Redemption sees Bonamassa “at his most ambitious yet as he continues to redefine and push the barriers of blues-rock,” according to a press release. “Crafted with longtime producer Kevin Shirley, it features a collection of 12 songs that weave effortlessly through an assortment of genres and reflect the artistic re-birth that he is currently experiencing.”

Upon closer inspection, we find Bonamassa getting more personal with his music on Redemption. We’ve rarely seen the guitarist as introspective as when he powers his way through these 12 meticulously crafted songs. Full of trademark licks and instantly memorable riffs, the songs push the boundaries of blues-rock to areas we’ve seldom seen explored.

“I’m going through some other stuff in my life I didn’t expect to be going through,” the guitarist told Parade Magazine. “It’s a rising, it’s contrition, it’s acceptance, it’s everything. It’s painful, but knowing that there’s a rising coming. We made a record called Blues of Desperation and this seemed to be the next logical step. To look inward before looking outward. Sometimes you have to blame yourself before you can blame others. And that’s kind of the frame of mind I’ve been in for the last year or so.”

If it seems like Bonamassa is almost always on the road, it’s because he is almost always on the road. The guitarist plays 200 or more shows per year at venues all around the world. Fortunately for fans, he never seems to tire of the routine.
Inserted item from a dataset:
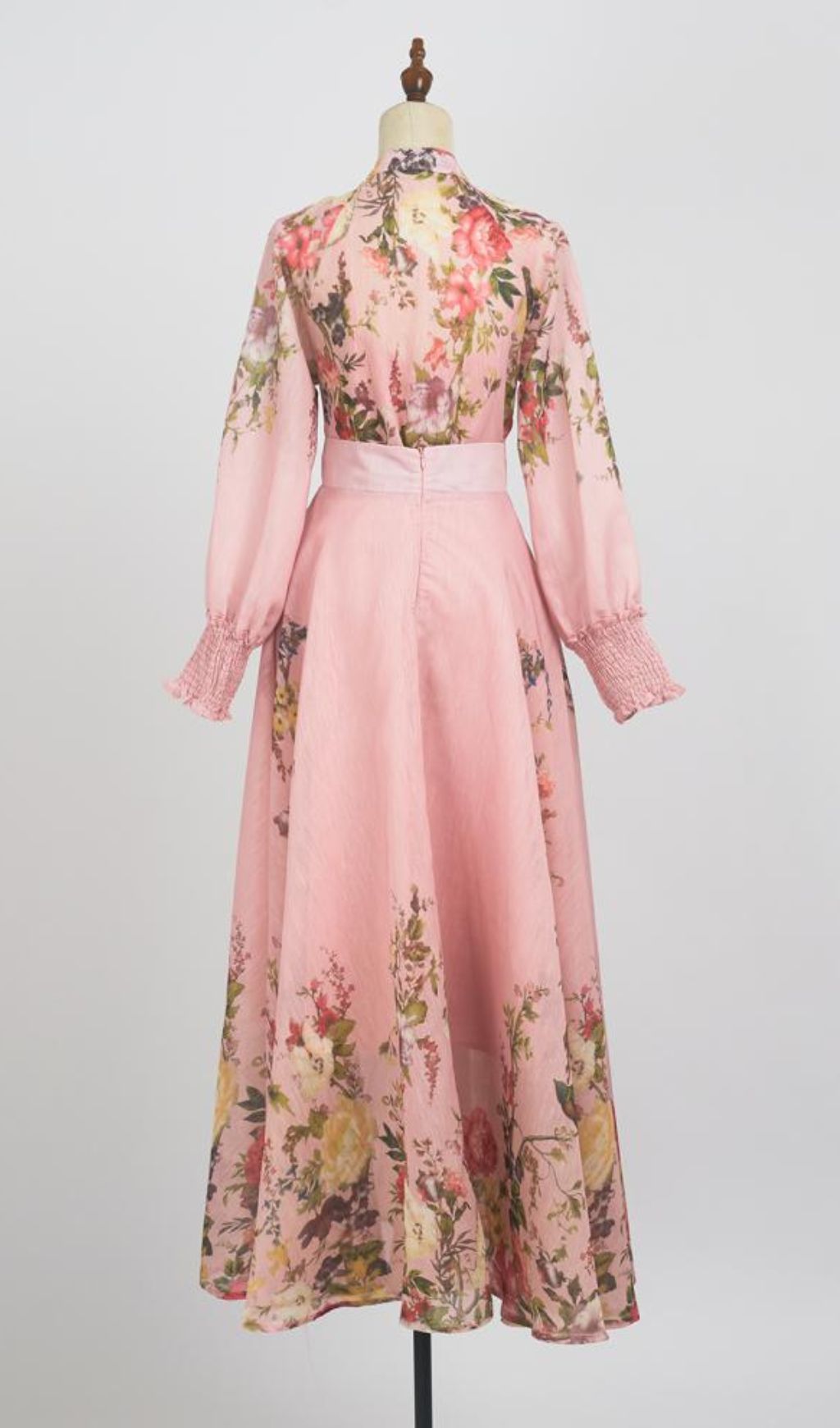 Gina Pink Floral  Long Sleeve Blouse & Skirt Set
An enthusiastic performer, his live shows are the main reason Bonamassa has been able to enjoy career longevity. He has risen from a 12-year-old child star opening for B.B King to a universally admired performer to a “must-see” act over the years. The proof is in the numbers: concert insider Pollstar recently lists him as one of the top 50 highest-grossing live acts in the world for 2018.

Bonamassa isn’t just a musical talent; the man has business sense as well. With a foresight in looking at the rapidly changing music industry, Bonamassa six years ago formed J&R Adventures with his manager, Roy Weiss, to preserve his interests.
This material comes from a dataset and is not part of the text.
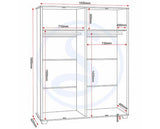 OLIVER 4 DOOR WARDROBE - LIGHT OAK EFFECT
“Roy and I go back 25 years,” he told Classic Rock Revisited. “His business strategy was to build a high-end brand thing. We’ve been very protective of that. We very rarely do festival dates and very rarely do we play outside of our own sandbox. Over the course of ten years, I am seeing deals done with major labels and major concert promoters that marginalize someone’s brand. You’re starting to see it now with rumors that all Live Nation concerts will be streamed live on YouTube next year.”

“On paper it makes millennials shout from the rooftops about how great they are,” he continued. “Truth be told, it is like handing an artist a shovel, a plot of land, and a gun. They are not only going to knock you out but they are going to make you dig your own grave first. The article I read showed that the bands are all excited about it. That is some good Kool-Aid.”
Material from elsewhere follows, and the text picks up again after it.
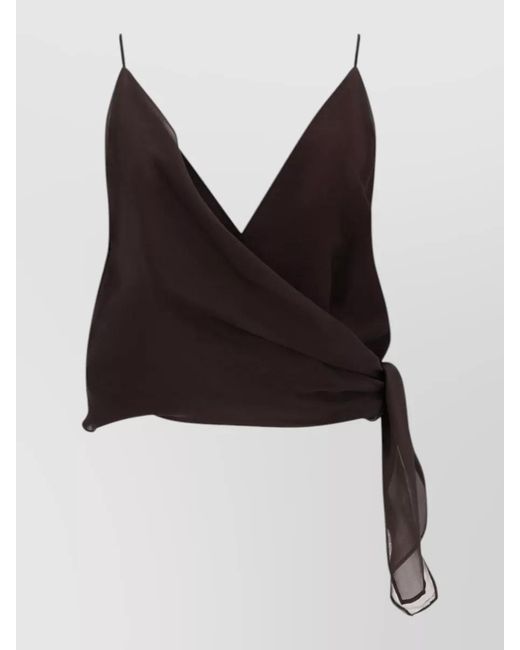 Alysi Black Sheer Wrap Top Spaghetti Straps Tie Detail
To his credit, Bonamassa continues to forge ahead and plans to continue the business model that helped him become as successful as he has over the years, and that includes continuing to play live shows whenever he can with as much enthusiasm as he can.

“Musically, my theory is that you’ve always got to go out there and play with fire. Play like it is your last show and make them notice you. That has not changed in my entire career, 27 years on. I have to go out and make an impression. During those lean years in the early 2000s, well, I look back at those times and it was a lot of fun. It was a struggle, but we were working towards something. At that time, our backs were against the wall on every show of every tour. We didn’t have enough money to get from Point A to Point B. Now, I have four tour buses and two semi-trucks. That is self-made, you know.”

Whether you’re a classic rock fan, a blues fan, or just a music fan, if you’ve never seen Bonamassa live before, you should take the opportunity to experience this guitar great for yourself. After seeing him fly around the fret board for two hours or so, you’ll be wondering why you waited so long. Bonamassa is a living guitar hero who loves to play in front of his Fort Wayne fans, who usually help bring out the best in him.